- Your assignment
Use the entries below and reproduce exactly the lines from the one containing "Polymorphisms: Methods and" down to the one containing "On Court Long-T Black | Rock", both of them included.

- Data shown
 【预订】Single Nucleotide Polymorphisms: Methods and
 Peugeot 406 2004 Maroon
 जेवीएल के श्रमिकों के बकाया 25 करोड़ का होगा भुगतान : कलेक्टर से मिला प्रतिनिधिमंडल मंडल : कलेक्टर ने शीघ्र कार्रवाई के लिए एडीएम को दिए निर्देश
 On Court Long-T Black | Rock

* * *

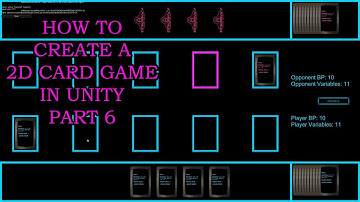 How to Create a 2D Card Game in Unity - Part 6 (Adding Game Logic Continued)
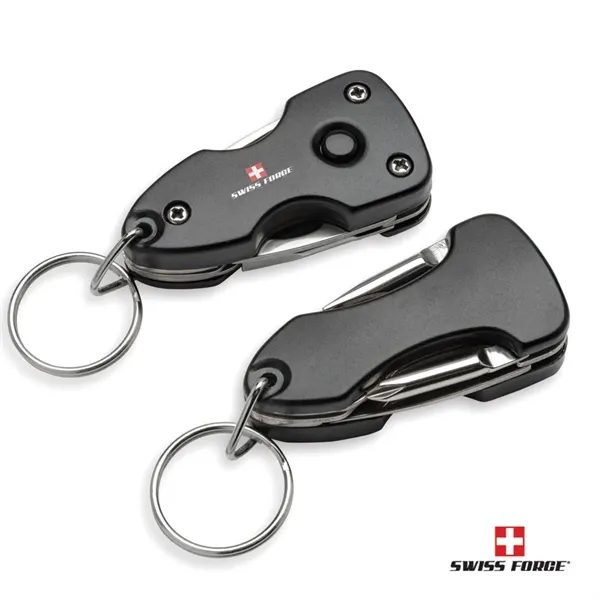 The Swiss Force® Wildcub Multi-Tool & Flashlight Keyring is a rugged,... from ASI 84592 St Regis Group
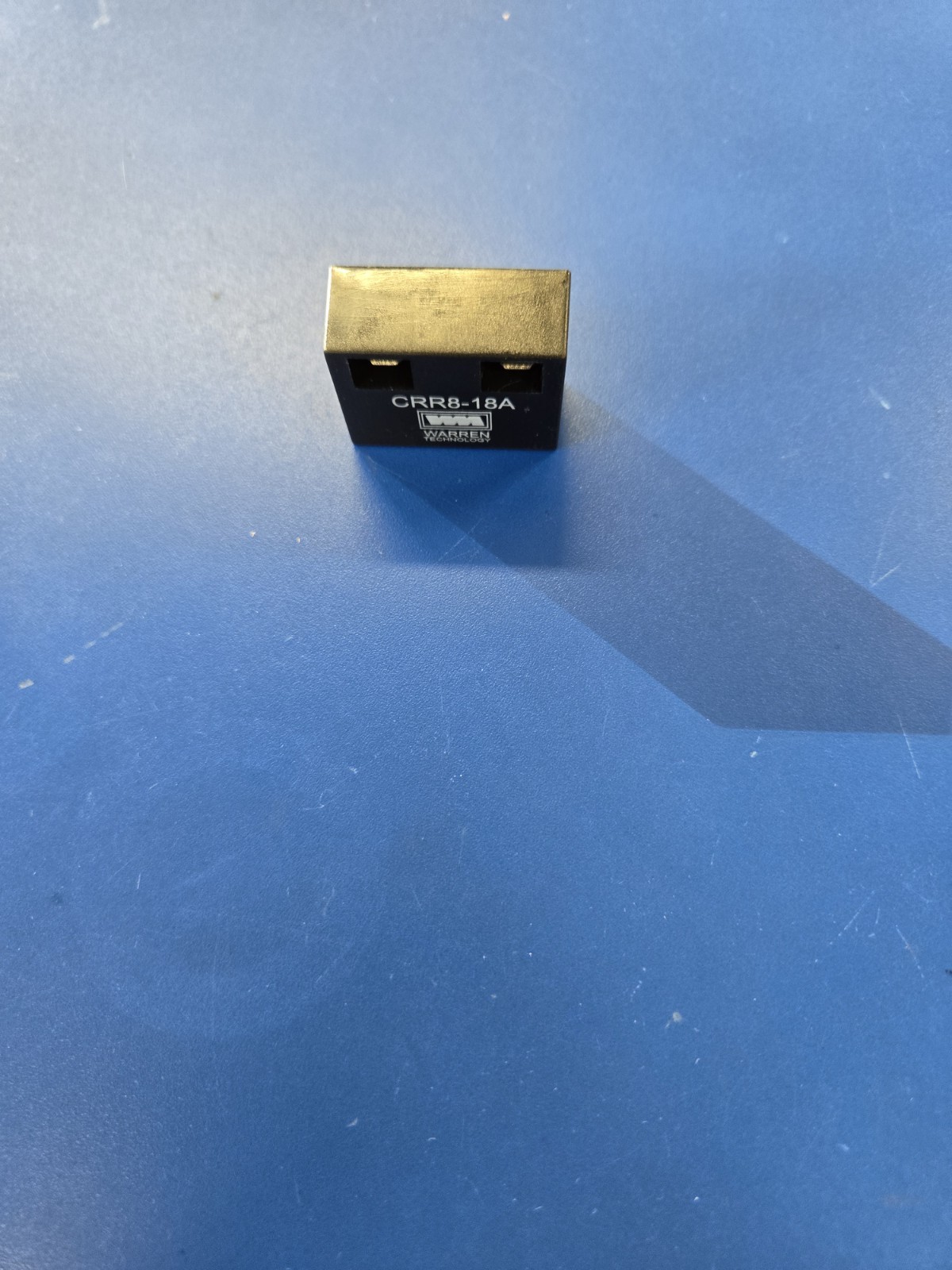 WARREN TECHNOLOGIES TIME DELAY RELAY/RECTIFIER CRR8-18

--

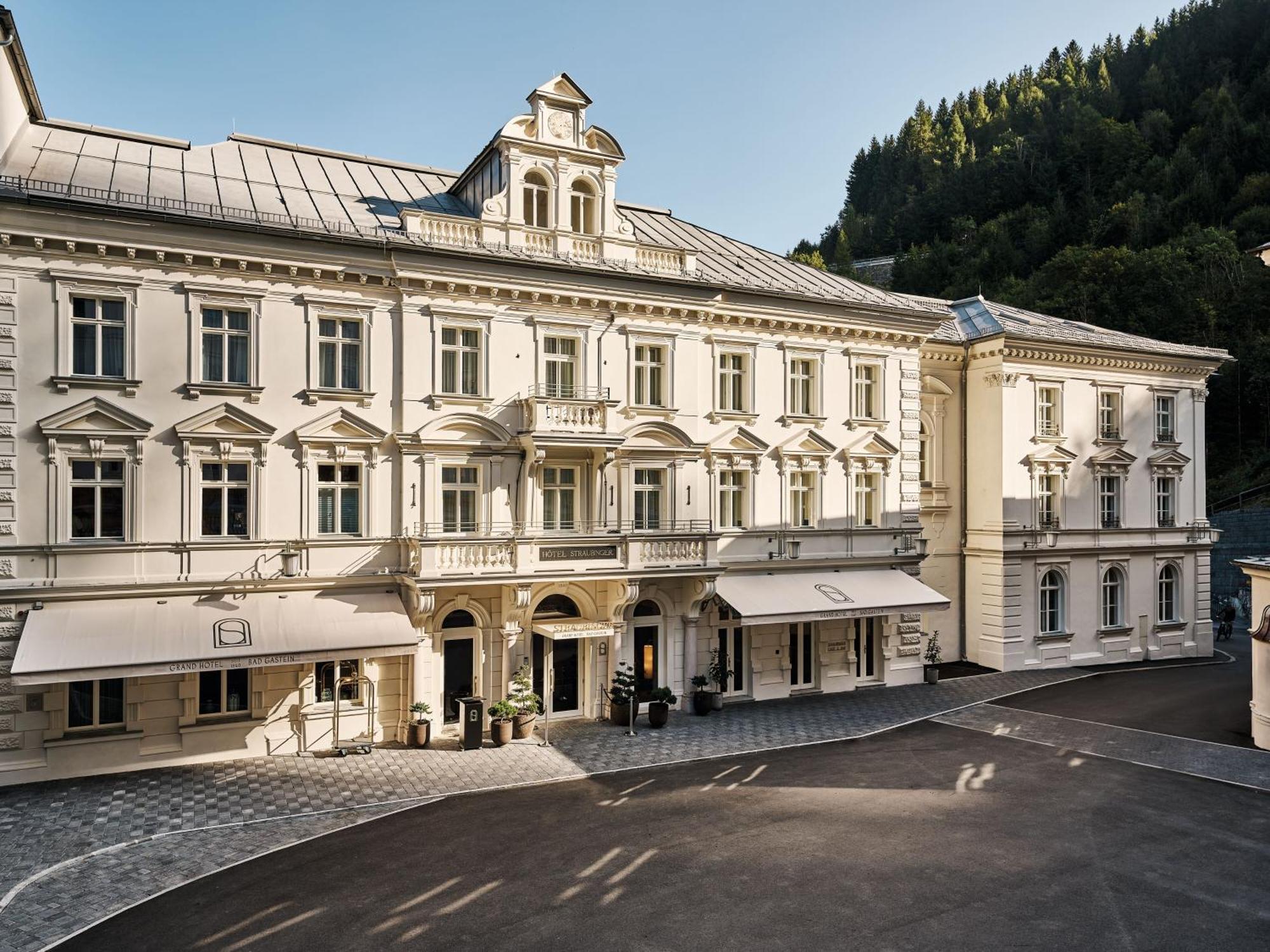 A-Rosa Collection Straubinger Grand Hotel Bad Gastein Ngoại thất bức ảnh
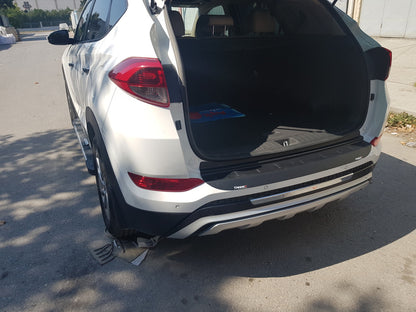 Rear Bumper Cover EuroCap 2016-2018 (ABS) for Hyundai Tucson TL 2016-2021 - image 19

- Output
 【预订】Single Nucleotide Polymorphisms: Methods and
 Peugeot 406 2004 Maroon
 जेवीएल के श्रमिकों के बकाया 25 करोड़ का होगा भुगतान : कलेक्टर से मिला प्रतिनिधिमंडल मंडल : कलेक्टर ने शीघ्र कार्रवाई के लिए एडीएम को दिए निर्देश
 On Court Long-T Black | Rock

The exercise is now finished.